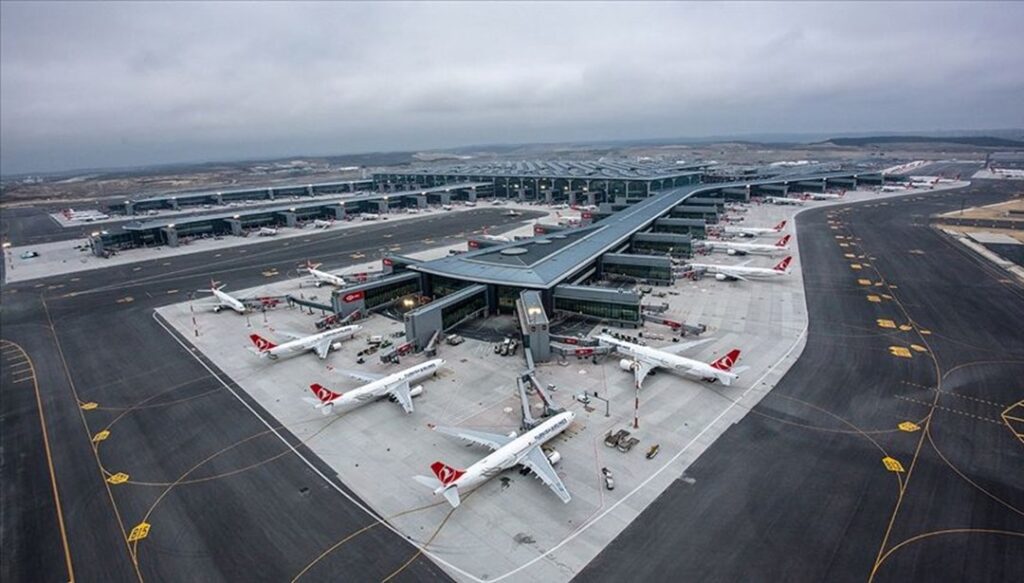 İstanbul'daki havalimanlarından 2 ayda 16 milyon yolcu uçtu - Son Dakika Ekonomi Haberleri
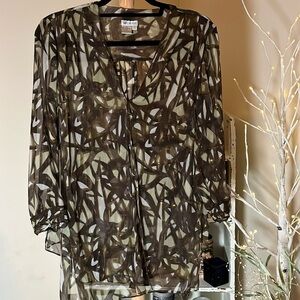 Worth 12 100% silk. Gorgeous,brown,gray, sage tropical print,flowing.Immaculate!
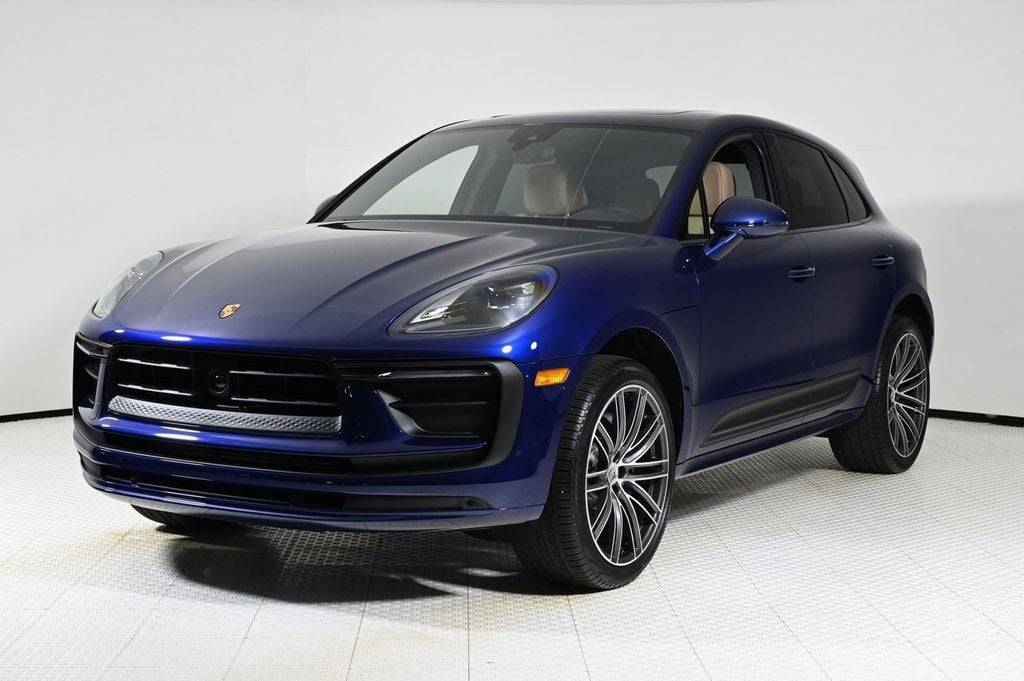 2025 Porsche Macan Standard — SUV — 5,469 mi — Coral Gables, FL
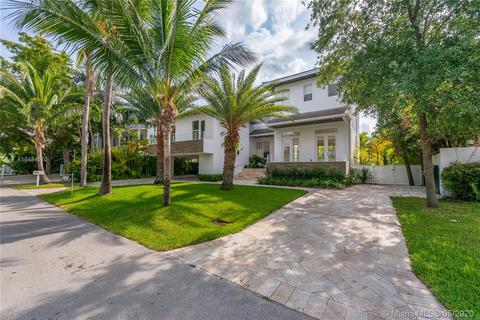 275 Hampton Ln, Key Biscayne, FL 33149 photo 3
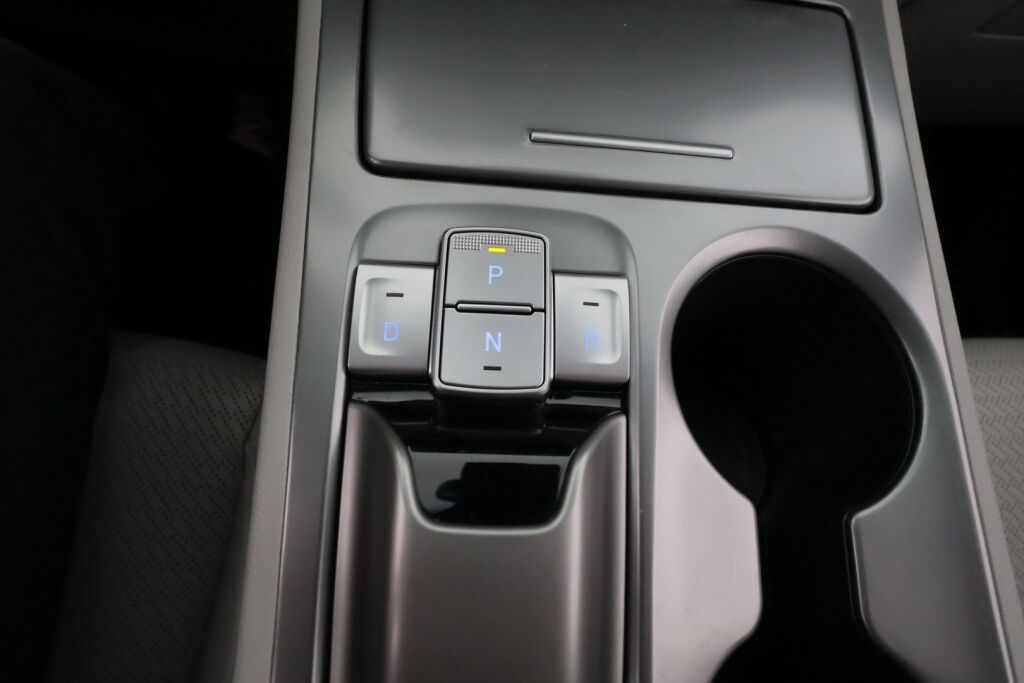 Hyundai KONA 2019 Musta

---+---

▶ [INSTRUCTIONS FOR THE TASK]
Your reply should hold exactly the lines from the line containing "2025 Porsche Macan" through the final line of the listing, and none of the pictures.

▶ [SOLUTION TO THIS TASK]
 2025 Porsche Macan Standard — SUV — 5,469 mi — Coral Gables, FL
 275 Hampton Ln, Key Biscayne, FL 33149 photo 3
 Hyundai KONA 2019 Musta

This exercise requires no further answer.